Exercise requirements:
Include the line with "2014 Buick LaCrosse" and every line before it in the entries below, echoed exactly, but not the pictures.

(Pictures with short captions)
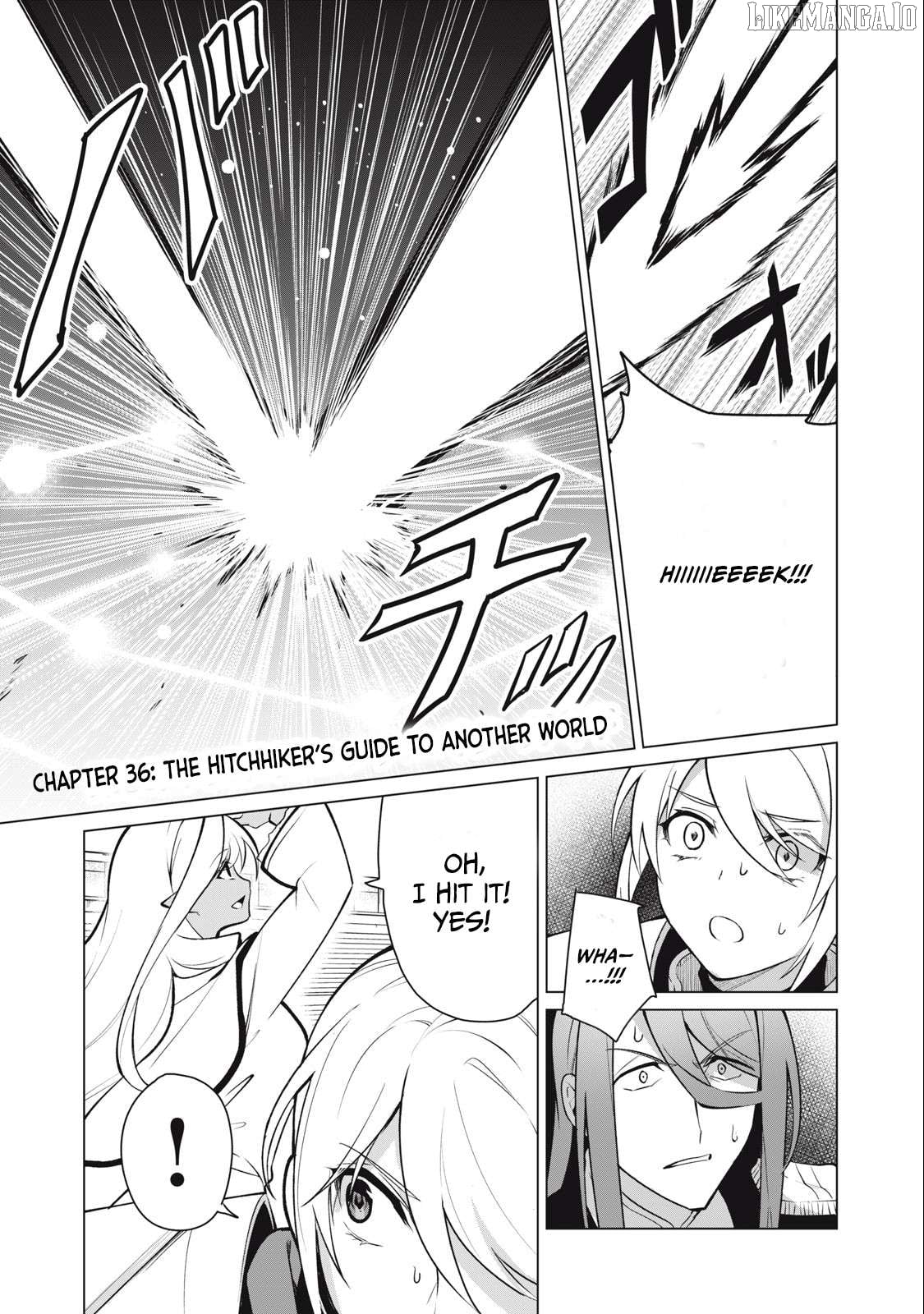 A Story About A Hero Exterminating A Dragon-Class Beautiful Girl Demon Queen, Who Has Very Low Self-Esteem, With Love! Chapter 36 - page 2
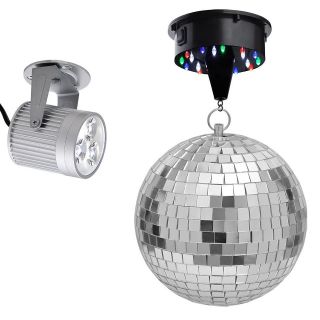 rotating disco ball light in Musical Instruments & Gear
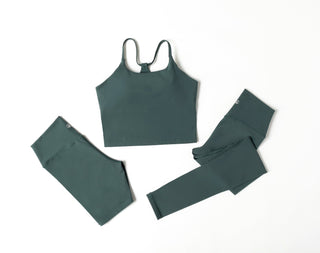 Levi Top - Dark Ocean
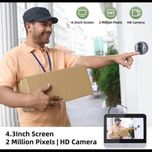 چشمی هوشمند دیجیتال امنیت همیشگی خانه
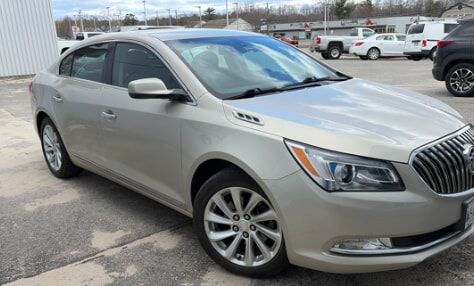 2014 Buick LaCrosse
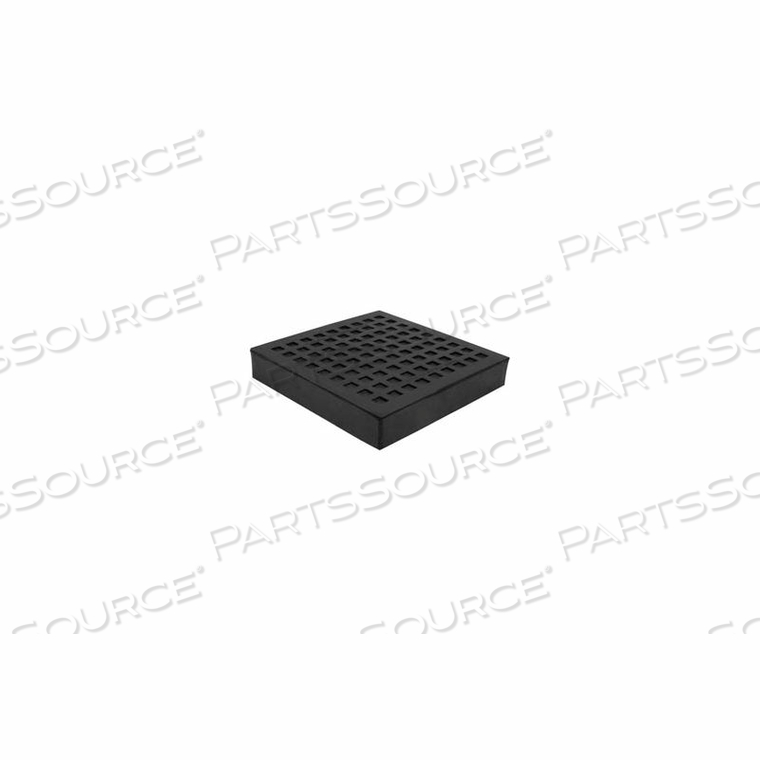 NATURAL RUBBER LOAD BEARING PAD - 4"L X 4"W X 1"H by Mason NATURAL RUBBER LOAD BEARING PAD - 4"L X 4"W X 1"H by Mason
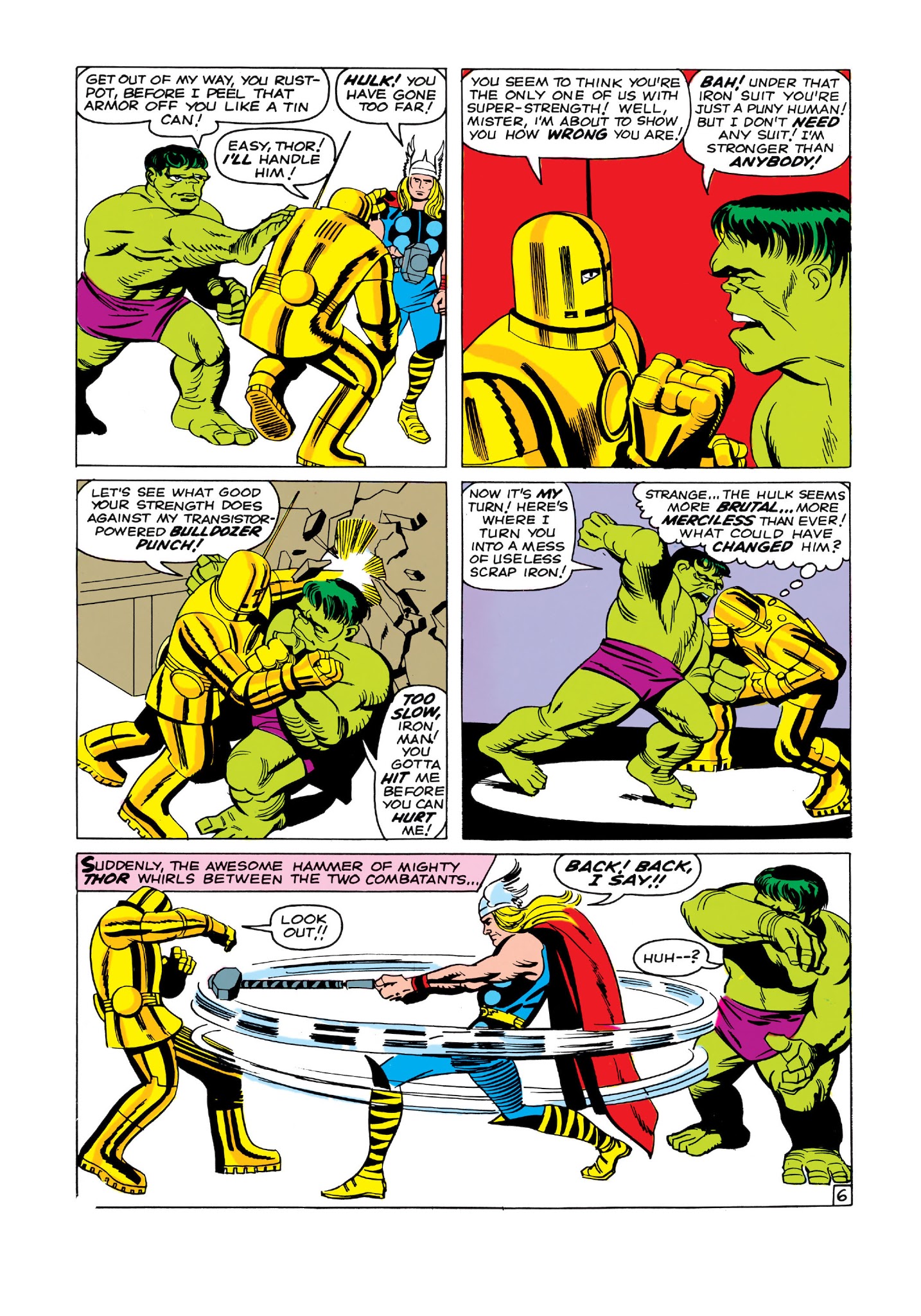 Read online Incredible Hulk Epic Collection comic -  Issue # TPB 1 - 207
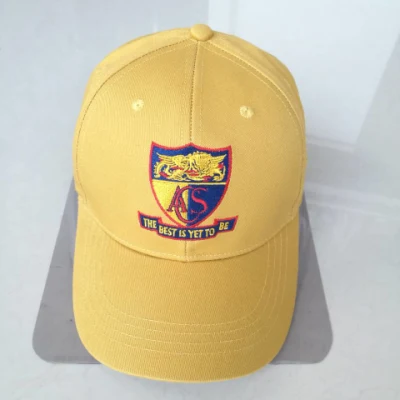 Custom Dad Hat Stickerei Logo Snapback Curve Krempe Baseball Cap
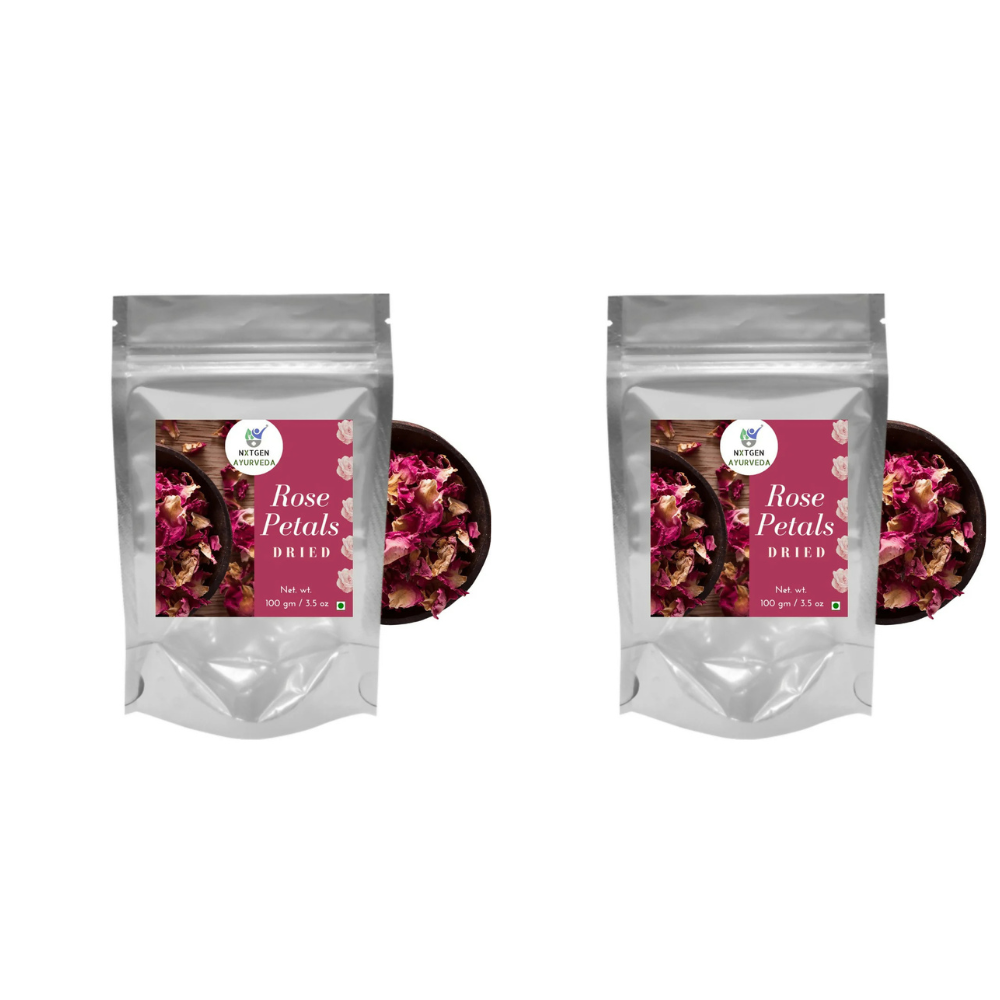 Nxtgen Ayurveda Rose Petals Dried 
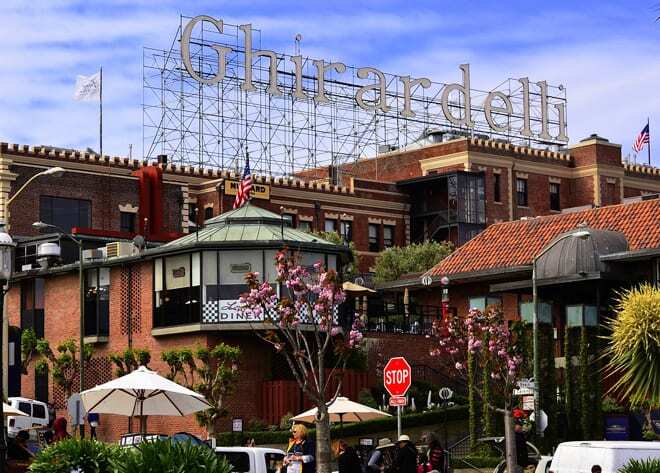 7위 기라델리 초콜릿 익스피리언스 Ghirardelli Chocolate Experience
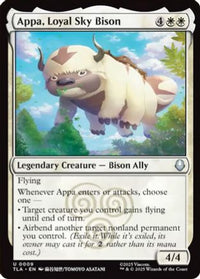 Appa, Loyal Sky Bison -  (TLA-009) - Avatar: The Last Airbender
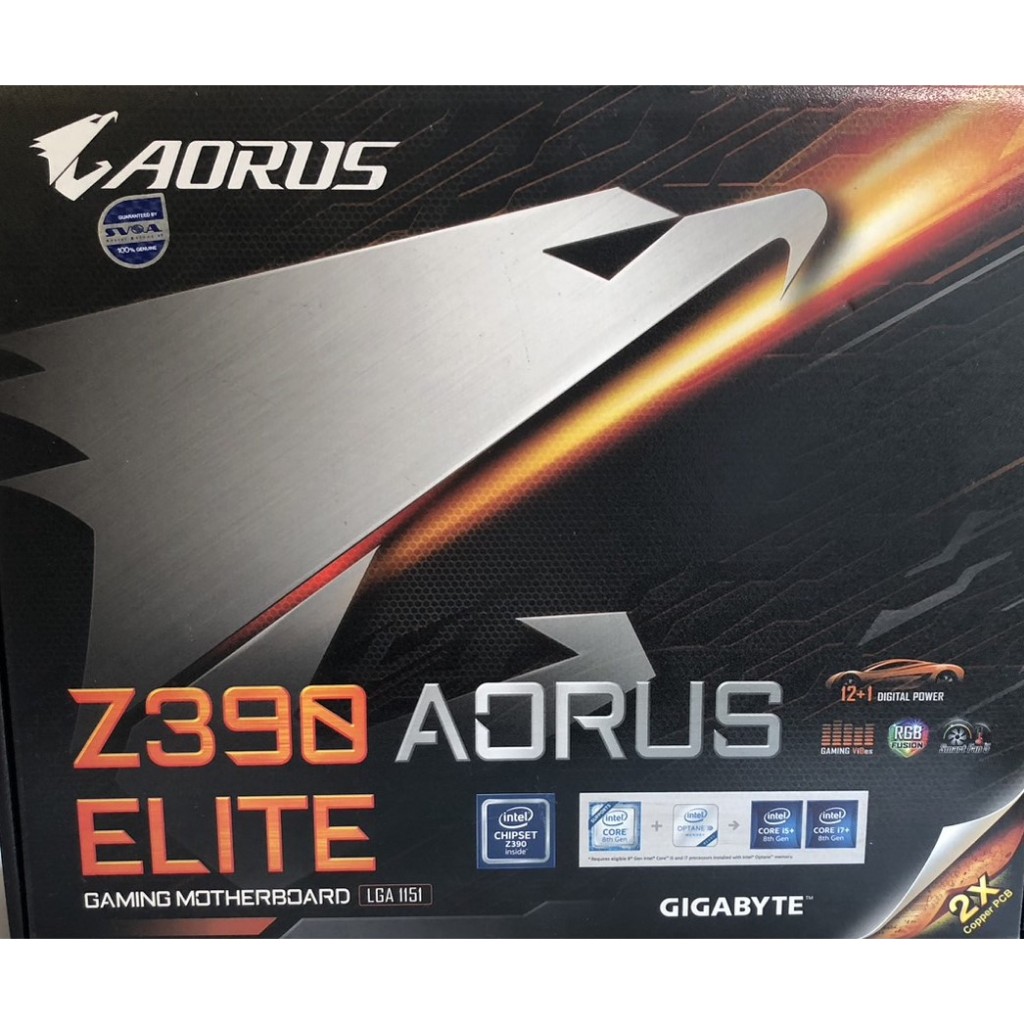 MAINBOARD (เมนบอร์ด) 1151 GIGABYTE Z390 AORUS ELITE มือสอง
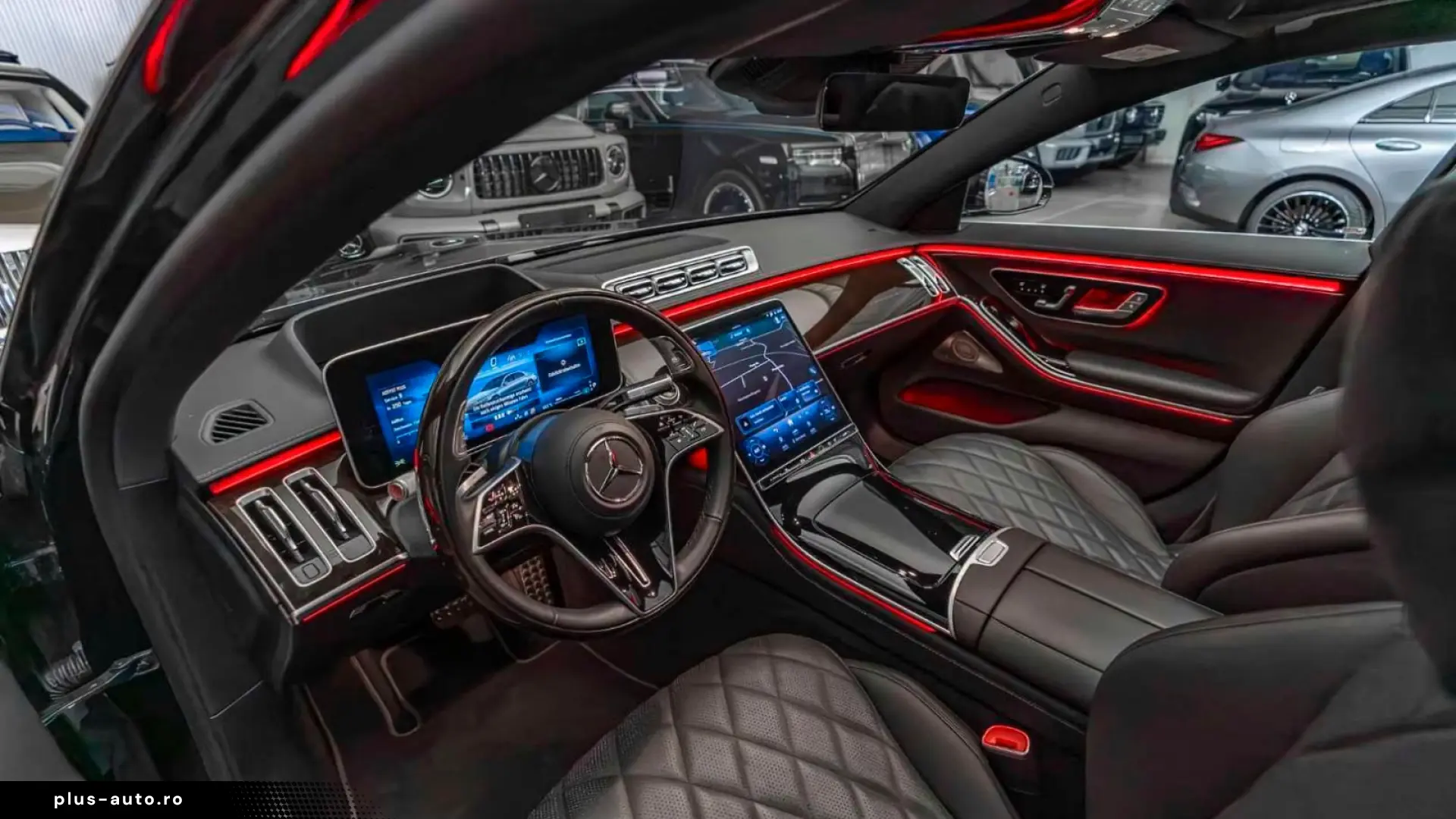 Mercedes-Benz S 580 4MATIC Long AMG Line Chauffeur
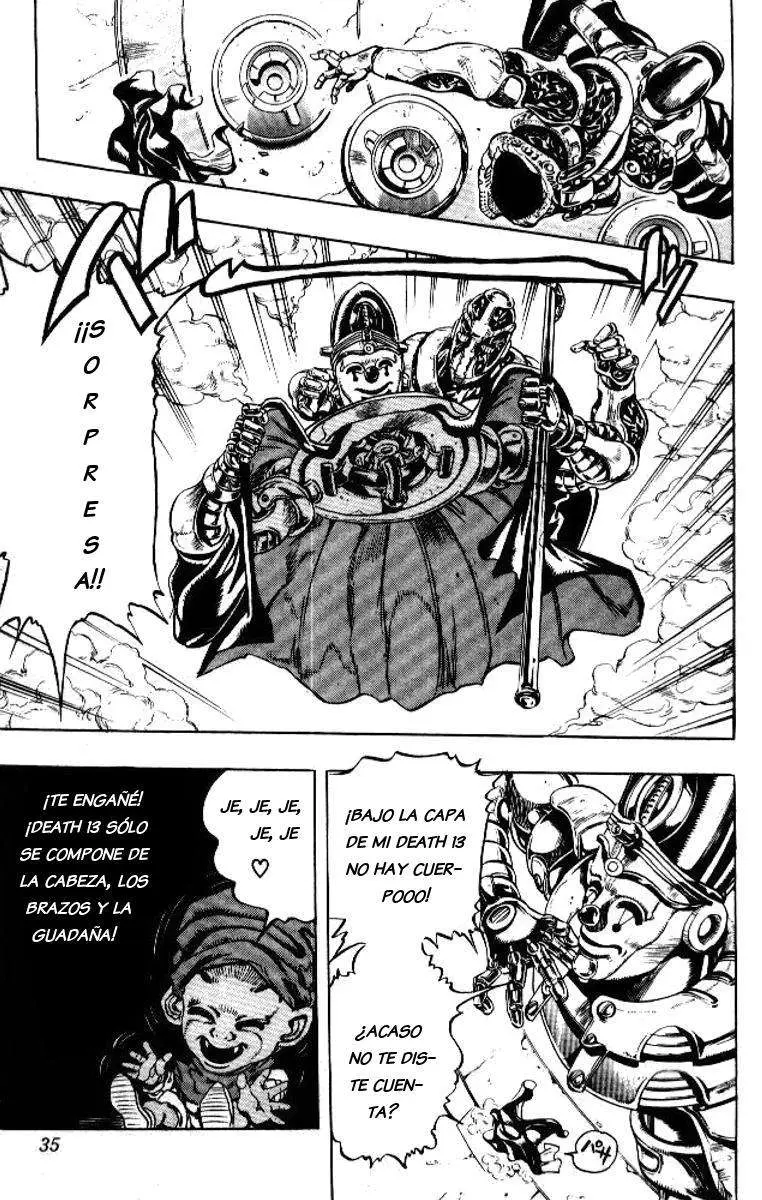 JoJo's Bizarre Adventure - Parte 3: Stardust Crusaders capítulo 60, página 9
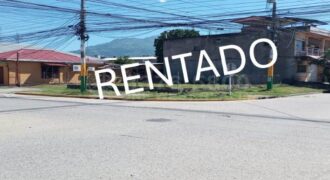 Se renta lote de esquina en El Progreso, Yoro zona comercial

Answer for the task:
 A Story About A Hero Exterminating A Dragon-Class Beautiful Girl Demon Queen, Who Has Very Low Self-Esteem, With Love! Chapter 36 - page 2
 rotating disco ball light in Musical Instruments & Gear
 Levi Top - Dark Ocean
 چشمی هوشمند دیجیتال امنیت همیشگی خانه
 2014 Buick LaCrosse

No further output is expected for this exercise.